A la décharge de l’inquiétude des autorités occidentales, des pays comme la Corée du Nord ou l’Iran ont bien utilisé des cryptomonnaies pour résister aux sanctions économiques. Le premier à travers des attaques informatiques qui lui ont rapporté des milliards de dollars américains ; le second en usant de son énergie à bas coûts pour miner du BTC. Mais question échelle, on est loin de la « grande Russie » et de ses besoins financiers immenses.

De même, le rebond du bitcoin, connaissant une hausse de 15% de son prix depuis les premières sanctions occidentales contre la Russie et l’explosion de ses échanges avec le rouble, pourraient être interprétés comme un indicateur du « péril » à venir. Mais il semblerait, au vu des transactions observées, qu’il s’agit plutôt d’une réaction de citoyens cherchant à échapper à la dévaluation de leur devise nationale. De fait, du côté ukrainien, la hryvinia s’échange aussi abondamment contre du bitcoin ou de l’USDT.

Les cryptos deviennent un enjeu géopolitique crucial

Mais la liberté des peuples à disposer de leurs revenus ou de leur petite épargne semblent être le cadet des soucis des dirigeants, Poutine au premier chef qui, via la banque centrale de Russie, prévient les citoyens que le système pourrait s’en prendre à leurs économies, évaluées à 750 millions de dollars, si les sanctions occidentales étaient maintenues.

Si tous les fonds qui sont à l’étranger sont bloqués, le gouvernement n’aura pas d’autre issue que de saisir tous les dépôts de la population pour sortir de cette situation.

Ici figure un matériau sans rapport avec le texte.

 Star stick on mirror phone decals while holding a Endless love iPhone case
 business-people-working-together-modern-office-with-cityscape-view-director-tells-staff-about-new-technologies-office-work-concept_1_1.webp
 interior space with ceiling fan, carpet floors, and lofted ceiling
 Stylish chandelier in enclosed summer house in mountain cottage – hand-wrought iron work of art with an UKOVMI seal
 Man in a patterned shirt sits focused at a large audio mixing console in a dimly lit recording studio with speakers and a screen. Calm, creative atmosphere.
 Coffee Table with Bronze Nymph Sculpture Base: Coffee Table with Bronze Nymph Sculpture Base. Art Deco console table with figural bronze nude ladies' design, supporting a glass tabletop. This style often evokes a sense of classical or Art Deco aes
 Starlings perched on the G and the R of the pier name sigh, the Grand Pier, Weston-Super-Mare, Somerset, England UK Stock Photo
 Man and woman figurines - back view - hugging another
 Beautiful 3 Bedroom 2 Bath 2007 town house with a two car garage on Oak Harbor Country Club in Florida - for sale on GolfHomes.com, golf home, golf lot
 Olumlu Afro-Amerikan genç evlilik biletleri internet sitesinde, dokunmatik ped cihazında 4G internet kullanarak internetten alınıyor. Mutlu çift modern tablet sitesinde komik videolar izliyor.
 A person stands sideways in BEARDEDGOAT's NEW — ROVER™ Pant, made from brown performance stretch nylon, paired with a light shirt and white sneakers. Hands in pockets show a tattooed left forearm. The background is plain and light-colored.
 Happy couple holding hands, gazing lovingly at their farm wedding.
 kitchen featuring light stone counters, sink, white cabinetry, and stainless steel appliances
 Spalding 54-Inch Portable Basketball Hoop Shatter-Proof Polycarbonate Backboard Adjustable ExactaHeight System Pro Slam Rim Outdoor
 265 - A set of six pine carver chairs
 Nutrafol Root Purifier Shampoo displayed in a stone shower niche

Nikolai Arefiev, vice-président de la commission de politique économique du parlement russe au média News.ru

Un abus de pouvoir qui ne semble pas décourager la coalition pro-Ukraine cherchant à savonner la dernière planche de salut des habitants pour assurer leur survie et ce, au mépris de l’aide précieuse et facilement estimable apportée par les cryptomonnaies dès les premiers coups de canon. Ainsi l’Ukraine a reçu à ce jour près de 38 millions de dollars de soutien en bitcoins, ethers, DOT, stablecoins et même en NFT d’après les ressources du cabinet spécialisé Elliptic.

Un aspect nullement mis en lumière par nos responsables qui préfèrent agiter la crypto comme un épouvantail pour imposer probablement une réglementation encore plus stricte à son industrie, devenue brutalement un enjeu géopolitique crucial.